PHILADELPHIA (KYW Newsradio) — A new report by the Juvenile Law Center found that fines and fees that courts charge juvenile offenders leave many in debt, harming their chances of becoming productive adults.
Aqilah David is a youth advocate at the Juvenile Law Center and co-author of the report on fines and fees. She’s also a survivor of the system that charges them.
“I was arrested at the age of 15 and ordered to pay numerous court fees that I couldn’t afford at the time,” David said.
David said it took her 10 years to pay them off, which is not unique. Others cited in the report had to postpone college, skim on essentials, or stay mired in the system as they struggled to close the debt.
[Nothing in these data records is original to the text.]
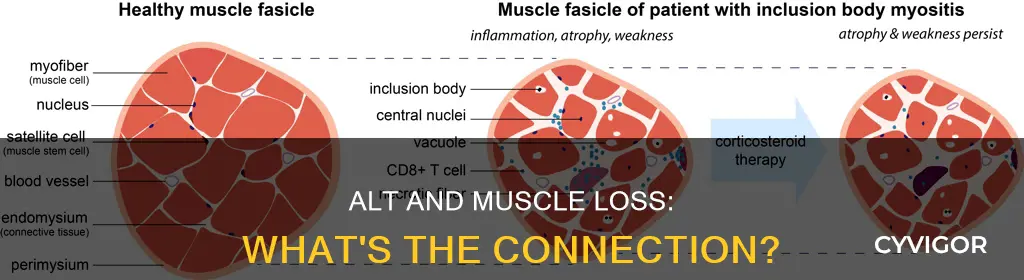 does alt remove muscle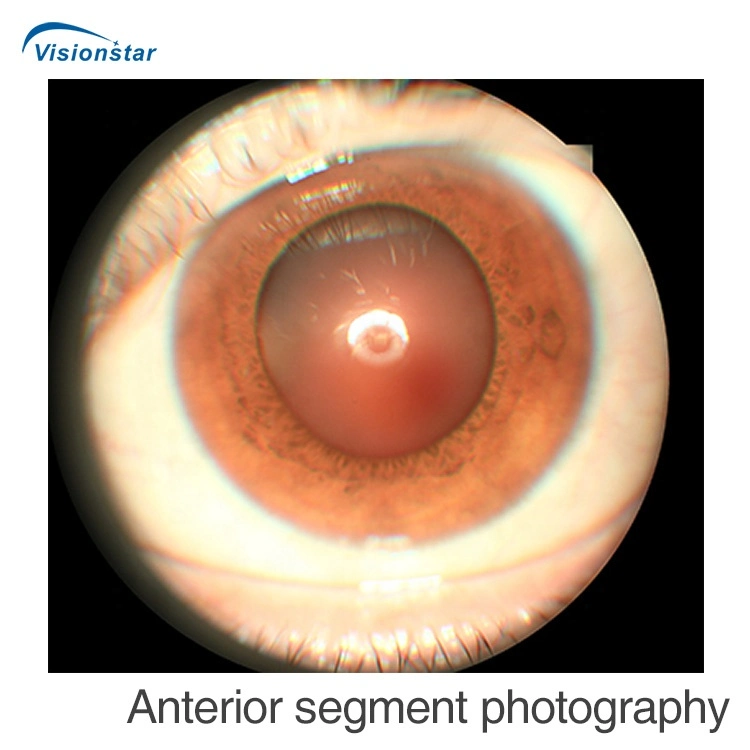 Не-3100 Reticam mydriatic дна матки пациентки глаз автофокусировки камера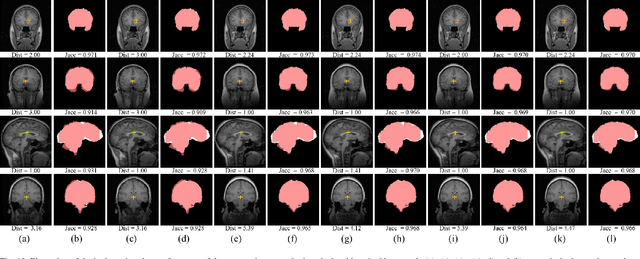 Figure 2 for Unsupervised End-to-end Learning for Deformable Medical Image Registration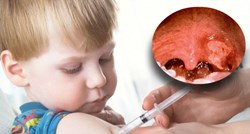 Dječak u Španjolskoj umro od difterije, roditelji odbijali cijepljenje, još osmero djece nosi virus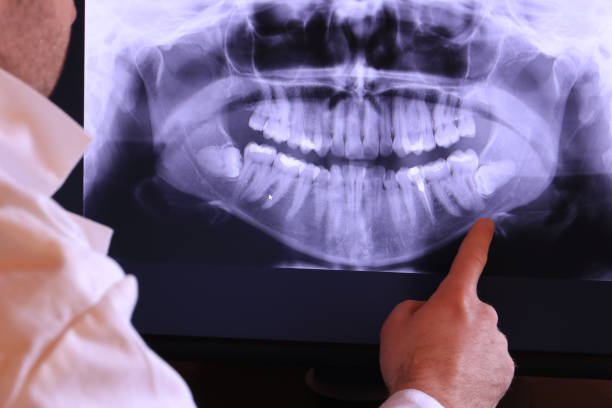 Best Emergency Root Canal Treatment in Springfield, CO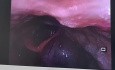Left Vallecular Cyst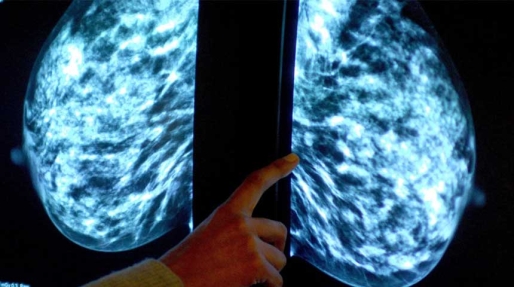 Foto: Mammogram voor een controle op borstkanker. 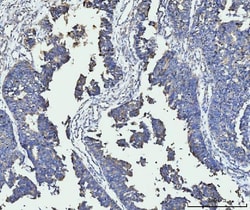 Invitrogen ACSL4 Monoclonal Antibody (4I7) 100 &mu;g; Unconjugated:Antibodies,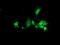 DnaJ Heat Shock Protein Family (Hsp40) Member B2 antibody, NBP2-00638, Novus Biologicals, Immunocytochemistry image 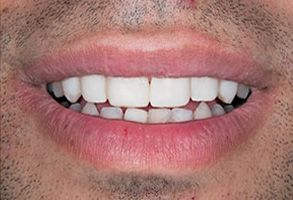 Winchester Dental | Periodontal Treatment, Sleep Apnea and Snoring Appliances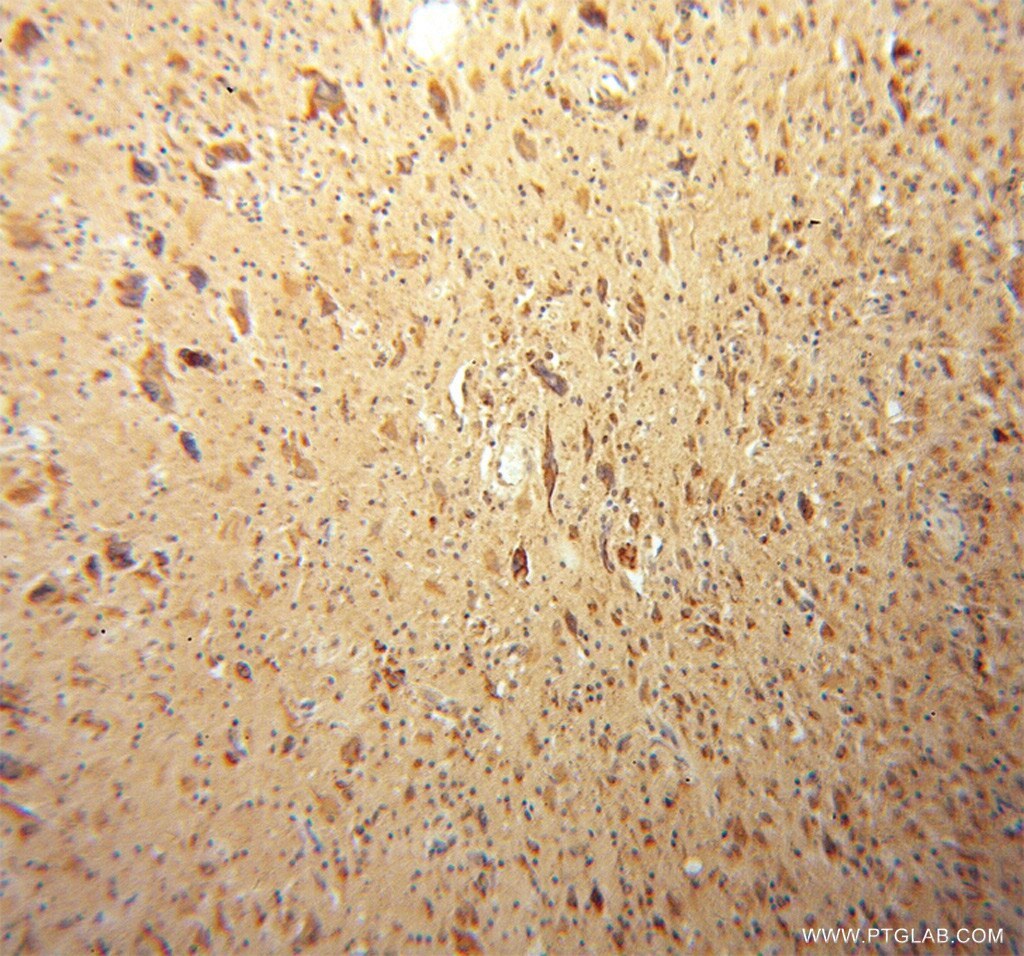 Immunohistochemistry (IHC) staining of human gliomas tissue using LRRC4C Polyclonal antibody (13845-1-AP)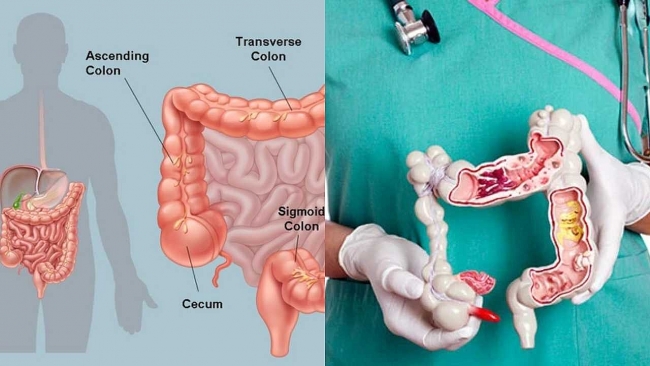 Colon Infection: Causes, Symptoms and Treatment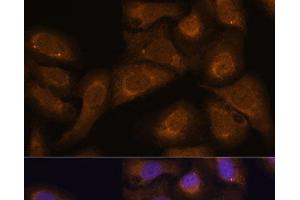 Immunofluorescence analysis of U-2 OS cells using STAR Polyclonal Antibody at dilution of 1:100 (40x lens). (STAR anticorps)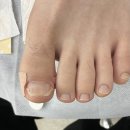 세븐일레븐 화성봉담주공점 | 화성 봉담 내성발톱 파고드는발톱 발라발라네일 봉담점에서 말끔히 해결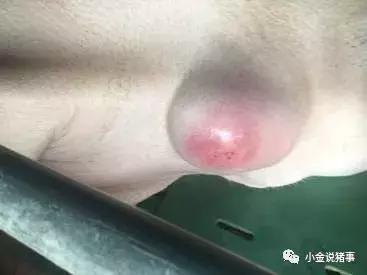 脓包型痤疮怎么治疗,脓包的最佳治疗方法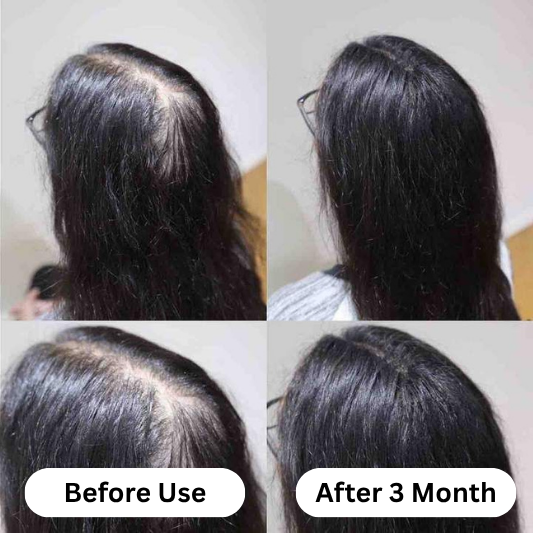 Almond Hair Oil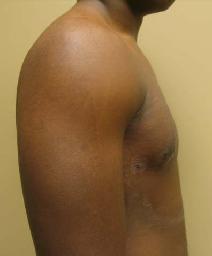 Male Breast Reduction After Photo by Lisa Bootstaylor, MD; Atlanta, GA - Case 7924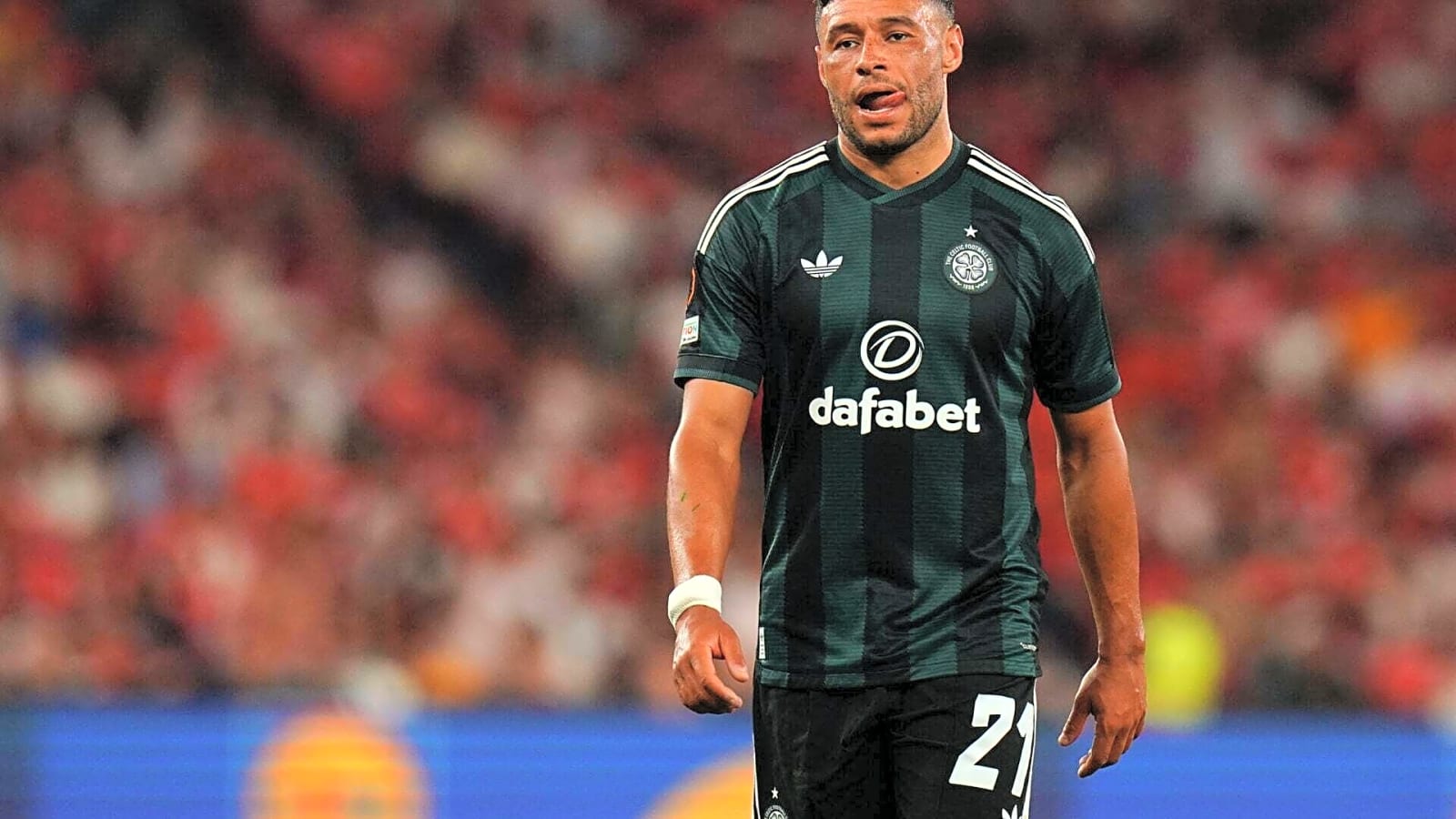 The baffling situation surrounding Alex Oxlade-Chamberlain at Celtic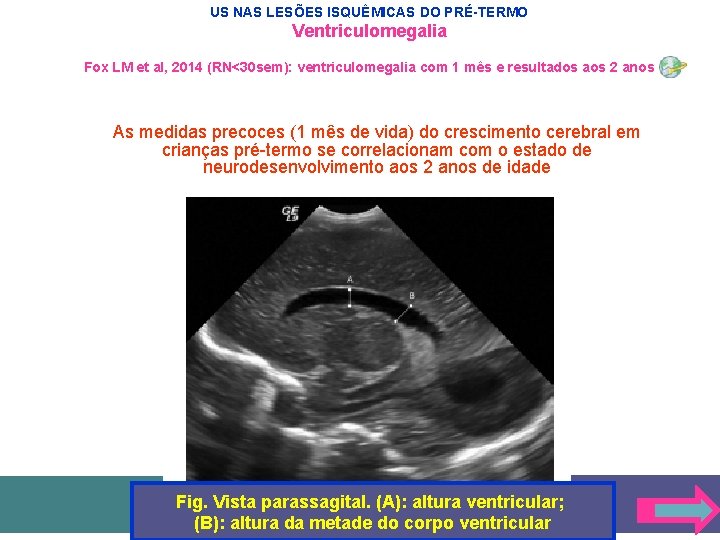 US NAS LESÕES ISQUÊMICAS DO PRÉ-TERMO Ventriculomegalia Fox LM et al, 2014 (RN<30 sem):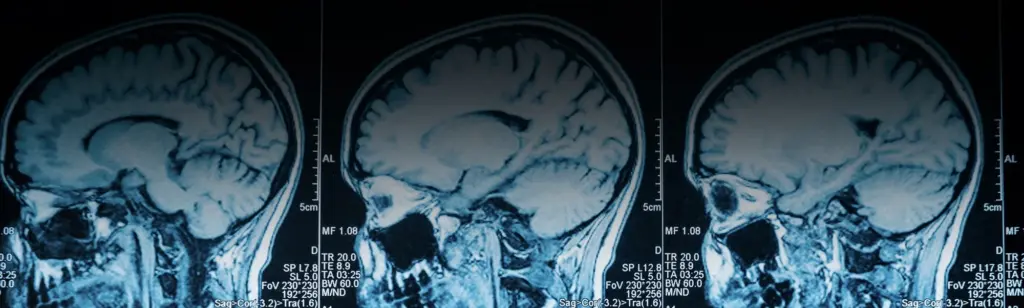 Brain Injury Attorney in Florida | Call 407-481-0066
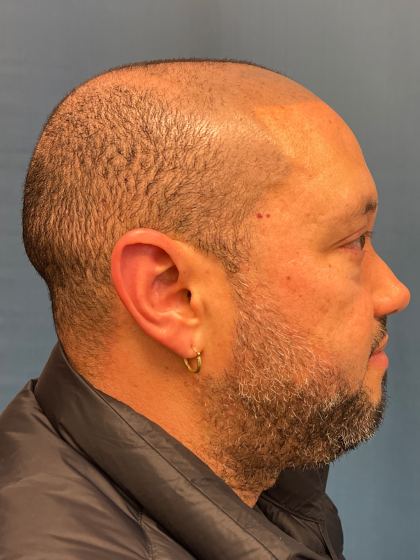 NeoGraft Before & After Patient #12914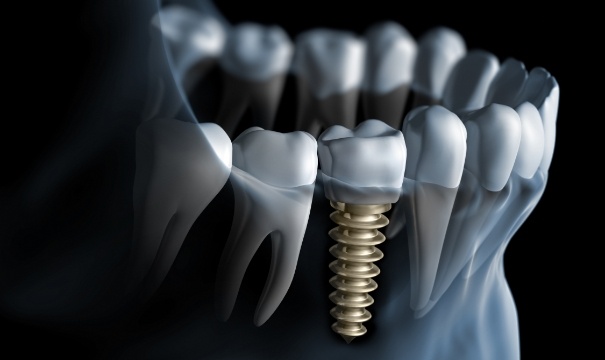 Animated smile with dental implant supported replacement tooth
And co-author Nadia Mozaffar said a lot of the fees are not restorative for anyone. They’re bureaucratic.
“A county charges someone for the postage for anything they have to mail. They’ll charge for a sheriff having to come to court,” Mozaffar said.
Mozaffar said they are not even a source of revenue, accounting for a fraction of a percent of county budgets, with collection costs sometimes exceeding what’s collected. According to the report, courts charge teens an average of $311, but they vary so widely from county to county that they create what Mozaffar calls “justice by geography.”
“That creates a very inequitable experience for young people in Pennsylvania,” she said.
The report recommends that Pennsylvania join 24 other states that have eliminated the fees. A bill to do just that — HB 1385 — goes before the House Judiciary Committee this week.